Their defence has been that they are only advising on strategy and are not privy to the day-to-day decisions of the company and, therefore, cannot be held accountable for defaults by the company incurred due to errors, omissions, negligence by other executive directors or officers.
The earlier charm of becoming an independent director has given way to scepticism and has made it an unenviable position to be in. The Securities and Exchange Board of India (Listing Obligations and Disclosure Requirements) (Amendment) Regulations, 2018, has put additional obligations on independent directors.
The law, as it stands today, does not differentiate between executive and independent directors when penal provisions under section 166 are applied in case of default by the board or the company, except in certain cases under section 2(60) and 149(12).
In fact, there is a detailed code of conduct, role and functions, duties for independent directors under schedule IV of the act.
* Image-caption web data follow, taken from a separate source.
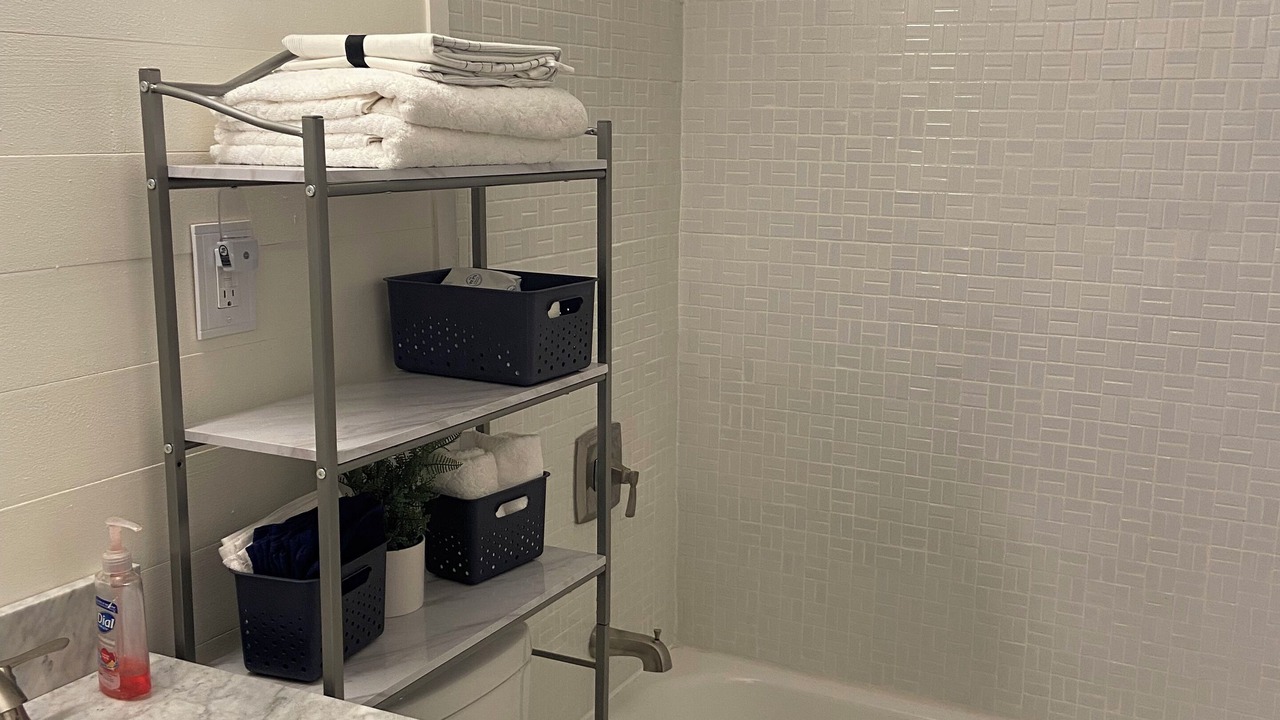 Photo of Bathroom in University District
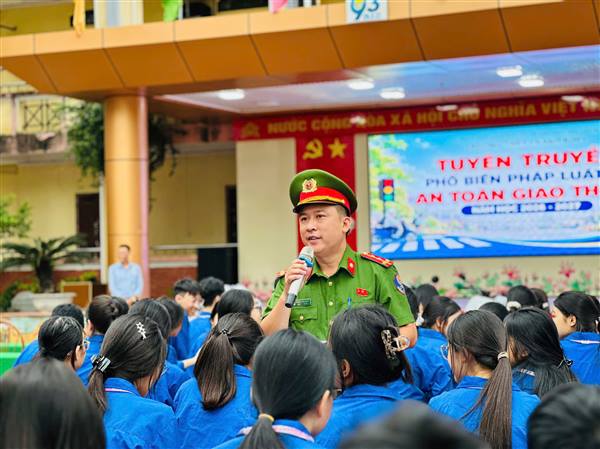 Tuyên truyền, phổ biến pháp luật về trật tự, an toàn giao thông cho gần 1.200 học sinh Trường THPT Thanh Bình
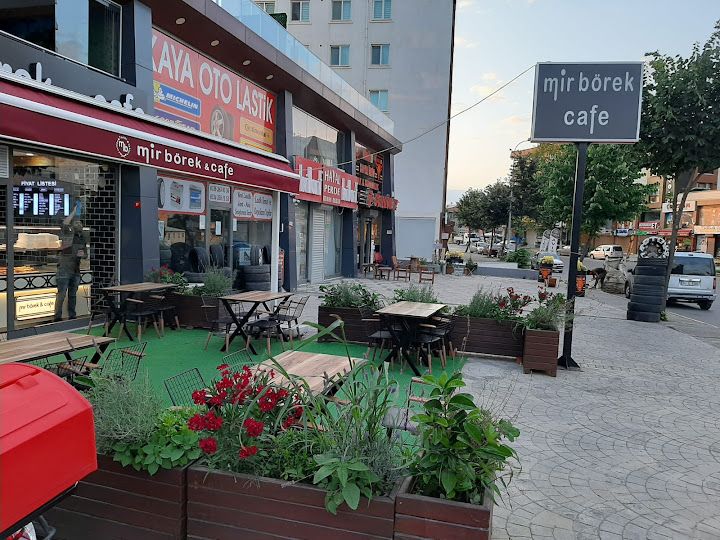 Aydınlı Mir Börek Salonu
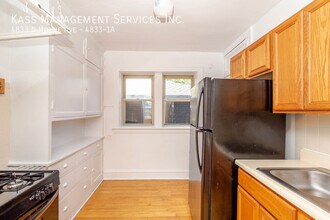 Building Photo - 4833 N Hoyne Ave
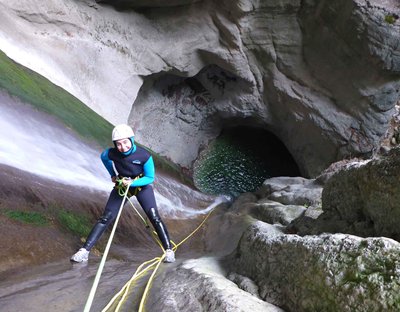 Rappel canyon de Angon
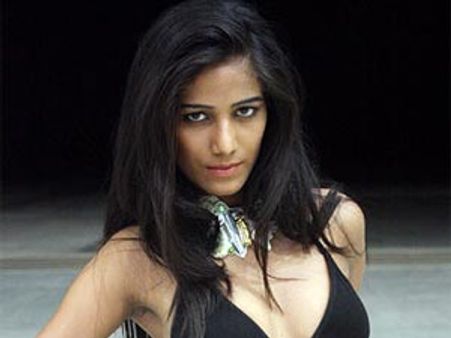 Hot Poonam Pandey turns a saint in 2012?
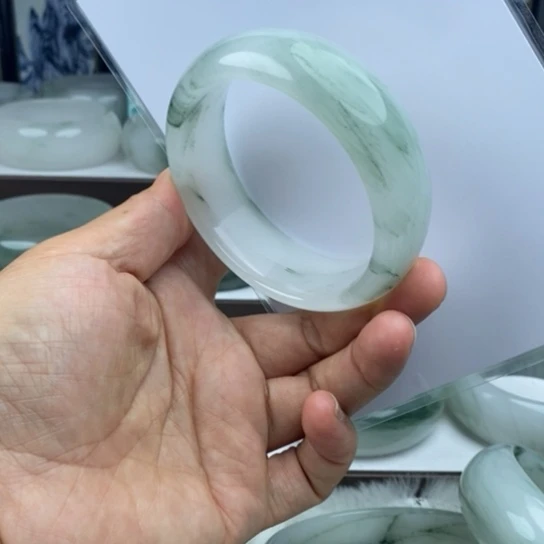 常****未镶嵌手镯石英质玉（金丝玉）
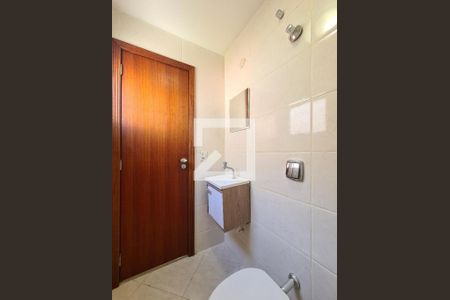 Casa à venda com 136m², 3 quartos e 1 vaga Casa à venda com 136m², 3 quartos e 1 vagaBanheiro da Suíte 2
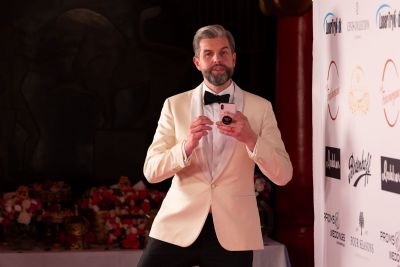 RAZ tog mod gæsterne til Miss Universe finalen 2019 - jeg stod for <br>eventbilleder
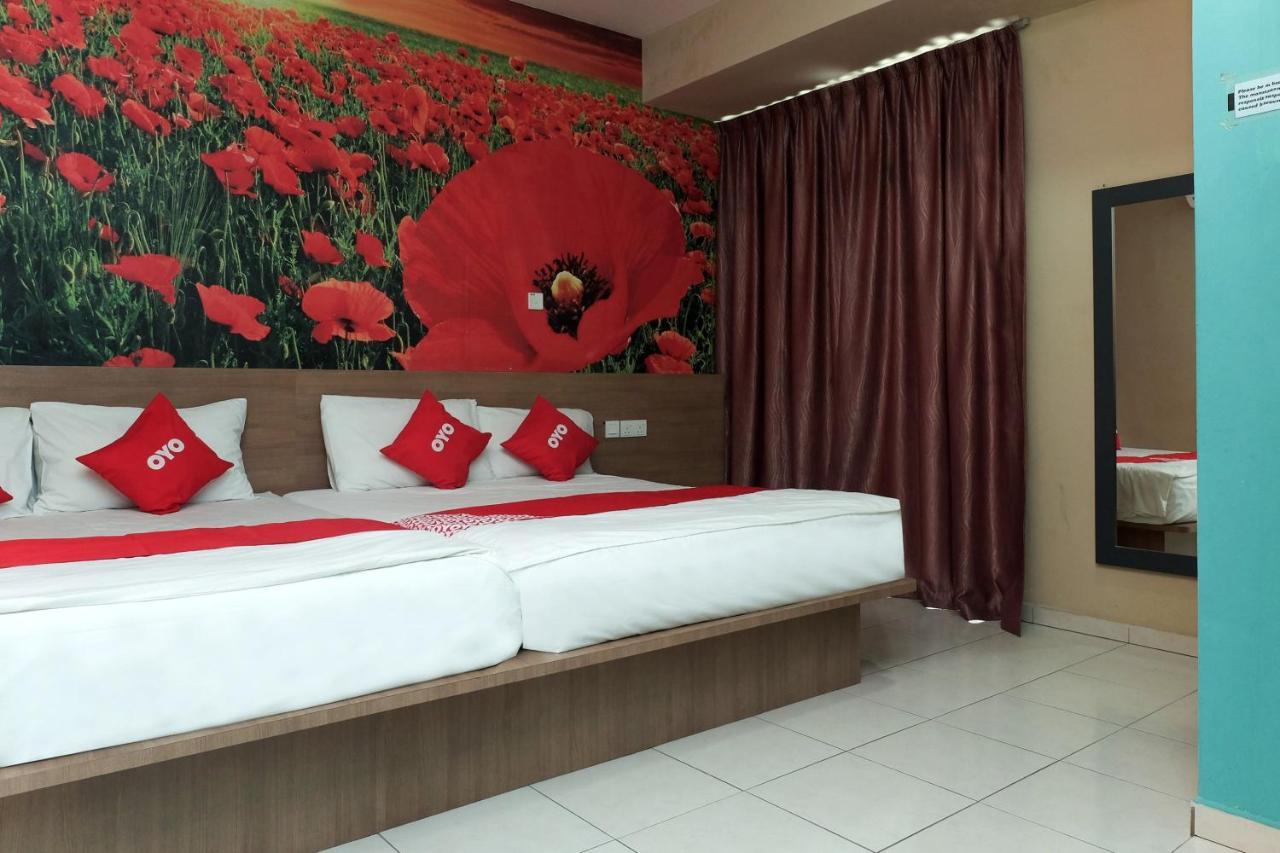 Super Oyo 89930 Golden Guest House Kuantan Luaran gambar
Independent directors are expected to bring an objective view in the evaluation of the performance of the board and management, ensure that the management meets goals and objectives and monitor the reporting of performance, ensure the integrity of financial information, financial controls and risk management systems, safeguard the interest of all stakeholders, particularly the minority shareholders, balance the conflicting interests of all stakeholders, and moderate and arbitrate in situations of conflict between the management and shareholders.
An independent director is also an officer in default for any contravention of the act, if they are aware of such contravention by virtue of receipt of any proceedings of the board or participation in such proceedings without objecting to it, or where such contravention had taken place with their consent or connivance.
Section 149(12) limits the liability of an independent director “only in respect of acts of omission or commission by a company that had occurred with his knowledge, attributable through board processes, and with his consent or connivance or where he had not acted diligently”.
Independent directors are also required to review and approve related-party transactions and ensure that they are in the interests of the company and ensure that the company has an adequate and functional vigil mechanism.
Independent directors are often paid miserly compensation in the form of sitting fees, and in some cases commission from profits. They are paid considerably less than their counterparts in other more developed markets. The law caps sitting fees per board or committee meeting to ₹100,000 (US$1400) and commissions at 1% of its profit for all directors combined. Increasing the limits, some observers say, can be cause for conflict of interest. The question, however, is whether this cap on remuneration is fair given the increase in obligations and expectation from independent directors.
Prospective candidates for independent directors’ roles will need to think hard before considering taking up the onerous task.
Nitin Mittal is the head of legal and company secretary at Signify India. The author’s views are personal.